LOCE Wind and Wave Energy Weblog

The web's first ocean and offshore wind energy weblog. Continuously renewed, like the ocean itself.

Wednesday, August 04, 2004

Wave Energy For San Francisco?

Looks like wave power will get some scrutiny in San Francisco in September as reported in this article, Wave Power Plan Gets A Test , SFGate.com (8/4/04). In September, San Francisco is co-hosting a conference on wave energy projects. And as this article, City Turning the Tides describes, a project has been proposed near the Golden Gate Bridge using technology by Hydro-Venturi.

In addition, as the SFGate.com article continues, California will also serve as the site of the Seadog planned for Humboldt, California's "remote and battered" coast:

Mark Thomas, the founder and president of Independent Natural Resources, said the Seadog evolved from a related energy production device that drove a motor by using the compressed air that is routinely fed into pipelines to move natural gas from one location to another.
Bolstered by $270,000 in venture capital, Thomas plans to have a single unit installed off the Humboldt coast by the end of the year to demonstrate the essential feasibility of the technology in the real marine world. The project must be approved by the California Coastal Commission and the State Lands Commission.
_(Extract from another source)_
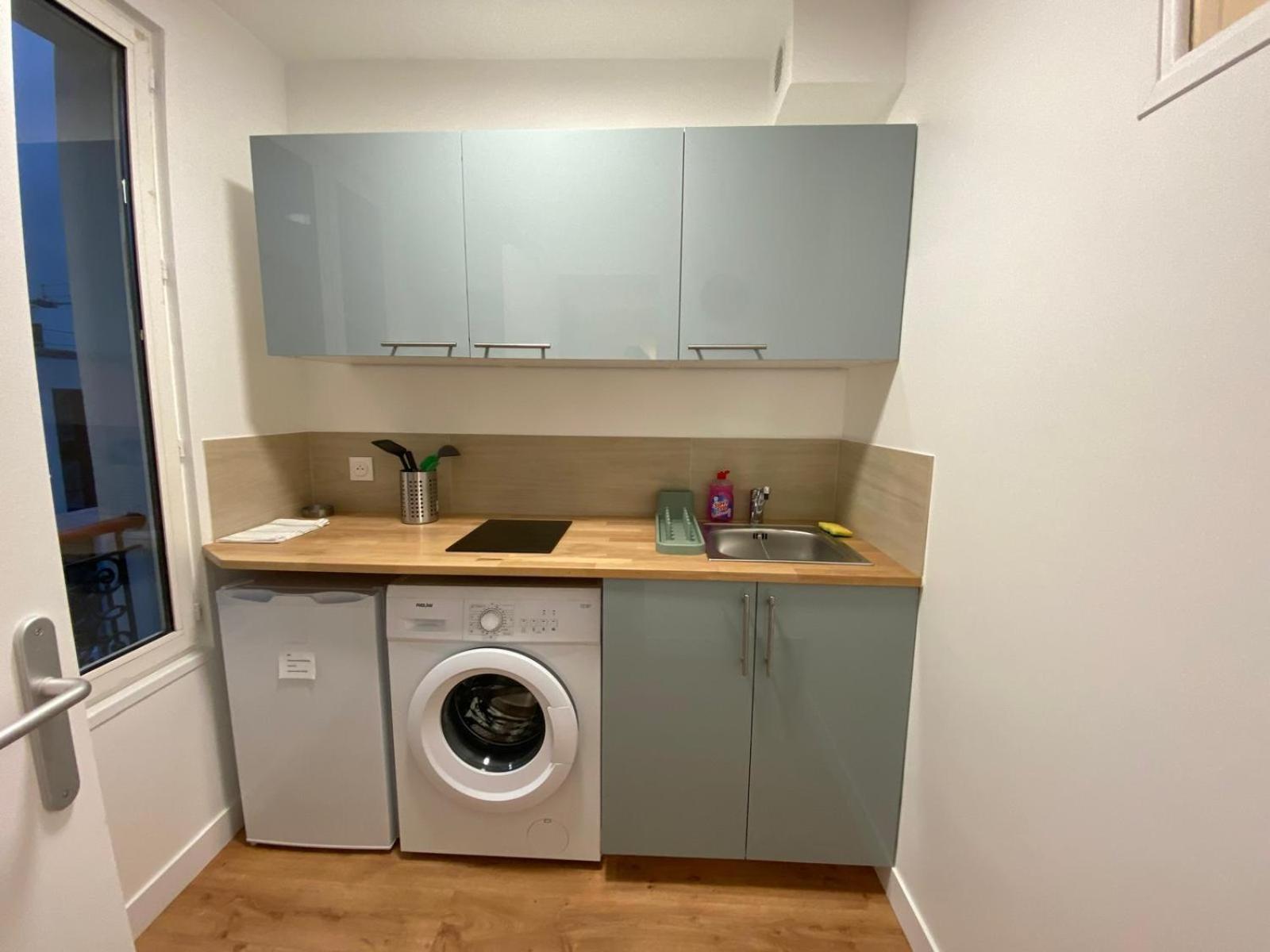 Studio Number 15 Pantin Extérieur photo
Of course, this article is not entirely accurate. As we reported way back in this post , the Federal Energy Regulatory Commission asserted licensing jurisdiction over wave energy projects back in February 2003 in the Aqua Energy decision. FERC's licensing authority preempts the states to some extent; for example, a FERC license relieves a developer of the need to obtain a certificate of public necessity and convenience from a state utility commission. And where state proposed measures for protection and enhancement of fishery and wildlife resources conflict with those deemed appropriate by FERC, FERC's provisions will prevail.

FERC has licensing jurisdiction over river based hydro so it may not be the optimal agency to regulate ocean based projects - but as the law currently stands, it nonetheless has that authority. States - and most others in the ocean energy community - have been slow to realize that FERC has interposed itself into the licensing game and may avoid the FERC process to their detriment.